What you will do >> For the data below, restate word for word only the lines from the line containing "ASF Infrastructure Pvt. Ltd." through the line containing "Larawan ng 899", both ends included.

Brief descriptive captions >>
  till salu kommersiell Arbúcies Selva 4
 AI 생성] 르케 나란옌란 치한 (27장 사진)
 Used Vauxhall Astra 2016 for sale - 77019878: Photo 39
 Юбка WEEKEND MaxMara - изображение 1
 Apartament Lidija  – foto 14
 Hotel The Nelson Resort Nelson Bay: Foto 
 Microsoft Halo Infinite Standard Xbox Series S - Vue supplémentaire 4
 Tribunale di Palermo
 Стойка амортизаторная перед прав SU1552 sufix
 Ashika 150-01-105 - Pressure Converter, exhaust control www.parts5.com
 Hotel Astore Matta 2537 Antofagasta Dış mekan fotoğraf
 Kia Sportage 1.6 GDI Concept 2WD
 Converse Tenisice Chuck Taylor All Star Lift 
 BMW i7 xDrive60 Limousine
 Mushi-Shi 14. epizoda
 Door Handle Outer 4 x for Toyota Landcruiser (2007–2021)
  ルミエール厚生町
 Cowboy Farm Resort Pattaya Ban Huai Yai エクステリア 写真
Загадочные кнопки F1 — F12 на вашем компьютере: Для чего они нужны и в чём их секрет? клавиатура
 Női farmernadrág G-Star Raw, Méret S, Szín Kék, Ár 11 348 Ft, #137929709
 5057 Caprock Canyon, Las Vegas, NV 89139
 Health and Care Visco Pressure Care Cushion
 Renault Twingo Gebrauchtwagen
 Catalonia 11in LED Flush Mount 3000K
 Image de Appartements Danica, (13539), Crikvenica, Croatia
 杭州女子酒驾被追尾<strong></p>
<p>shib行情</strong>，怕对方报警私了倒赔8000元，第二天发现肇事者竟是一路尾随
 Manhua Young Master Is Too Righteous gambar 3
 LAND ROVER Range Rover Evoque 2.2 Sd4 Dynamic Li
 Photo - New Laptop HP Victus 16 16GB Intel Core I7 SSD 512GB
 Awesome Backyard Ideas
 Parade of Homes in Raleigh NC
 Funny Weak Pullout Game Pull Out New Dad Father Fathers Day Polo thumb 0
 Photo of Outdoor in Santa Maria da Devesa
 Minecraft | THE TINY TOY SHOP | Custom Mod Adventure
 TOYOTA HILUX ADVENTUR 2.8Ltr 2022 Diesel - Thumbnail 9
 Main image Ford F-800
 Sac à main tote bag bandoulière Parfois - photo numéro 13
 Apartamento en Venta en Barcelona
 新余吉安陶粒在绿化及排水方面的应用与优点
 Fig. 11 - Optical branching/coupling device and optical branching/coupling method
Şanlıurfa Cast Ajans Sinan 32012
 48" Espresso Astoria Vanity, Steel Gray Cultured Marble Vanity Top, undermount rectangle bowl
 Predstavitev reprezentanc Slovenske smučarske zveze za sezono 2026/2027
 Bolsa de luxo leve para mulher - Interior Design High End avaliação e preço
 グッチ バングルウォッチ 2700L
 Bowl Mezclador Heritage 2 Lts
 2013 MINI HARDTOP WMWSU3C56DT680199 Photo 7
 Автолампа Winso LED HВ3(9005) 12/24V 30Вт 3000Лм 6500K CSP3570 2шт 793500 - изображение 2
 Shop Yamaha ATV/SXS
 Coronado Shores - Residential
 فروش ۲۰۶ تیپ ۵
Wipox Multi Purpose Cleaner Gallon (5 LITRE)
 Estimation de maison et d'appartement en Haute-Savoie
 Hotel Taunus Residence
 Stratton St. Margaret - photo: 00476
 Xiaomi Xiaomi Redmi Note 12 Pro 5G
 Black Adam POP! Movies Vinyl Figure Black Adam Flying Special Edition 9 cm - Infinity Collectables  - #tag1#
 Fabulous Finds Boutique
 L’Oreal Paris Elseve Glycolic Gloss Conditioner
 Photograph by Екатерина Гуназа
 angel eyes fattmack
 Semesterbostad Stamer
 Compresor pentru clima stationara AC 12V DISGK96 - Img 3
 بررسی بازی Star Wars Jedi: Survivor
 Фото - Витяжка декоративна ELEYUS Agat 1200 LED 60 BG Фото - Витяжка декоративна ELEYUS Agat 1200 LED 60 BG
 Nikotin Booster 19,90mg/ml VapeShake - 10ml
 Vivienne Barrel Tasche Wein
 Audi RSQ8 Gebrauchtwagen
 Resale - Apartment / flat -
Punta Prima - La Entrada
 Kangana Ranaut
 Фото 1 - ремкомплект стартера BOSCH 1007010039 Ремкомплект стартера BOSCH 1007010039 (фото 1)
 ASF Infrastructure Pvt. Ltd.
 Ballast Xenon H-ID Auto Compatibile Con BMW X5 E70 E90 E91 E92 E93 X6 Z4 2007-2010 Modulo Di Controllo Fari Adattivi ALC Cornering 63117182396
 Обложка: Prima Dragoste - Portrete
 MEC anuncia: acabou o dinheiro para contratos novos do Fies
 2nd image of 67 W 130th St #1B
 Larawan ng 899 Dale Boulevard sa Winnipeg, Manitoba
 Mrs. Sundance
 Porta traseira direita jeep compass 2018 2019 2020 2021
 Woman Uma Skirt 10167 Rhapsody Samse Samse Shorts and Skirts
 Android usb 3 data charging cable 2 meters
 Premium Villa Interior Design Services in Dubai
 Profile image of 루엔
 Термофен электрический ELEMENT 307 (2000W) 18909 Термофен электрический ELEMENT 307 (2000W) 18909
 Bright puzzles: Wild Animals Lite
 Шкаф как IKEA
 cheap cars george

Result of this exercise >>
 ASF Infrastructure Pvt. Ltd.
 Ballast Xenon H-ID Auto Compatibile Con BMW X5 E70 E90 E91 E92 E93 X6 Z4 2007-2010 Modulo Di Controllo Fari Adattivi ALC Cornering 63117182396
 Обложка: Prima Dragoste - Portrete
 MEC anuncia: acabou o dinheiro para contratos novos do Fies
 2nd image of 67 W 130th St #1B
 Larawan ng 899 Dale Boulevard sa Winnipeg, Manitoba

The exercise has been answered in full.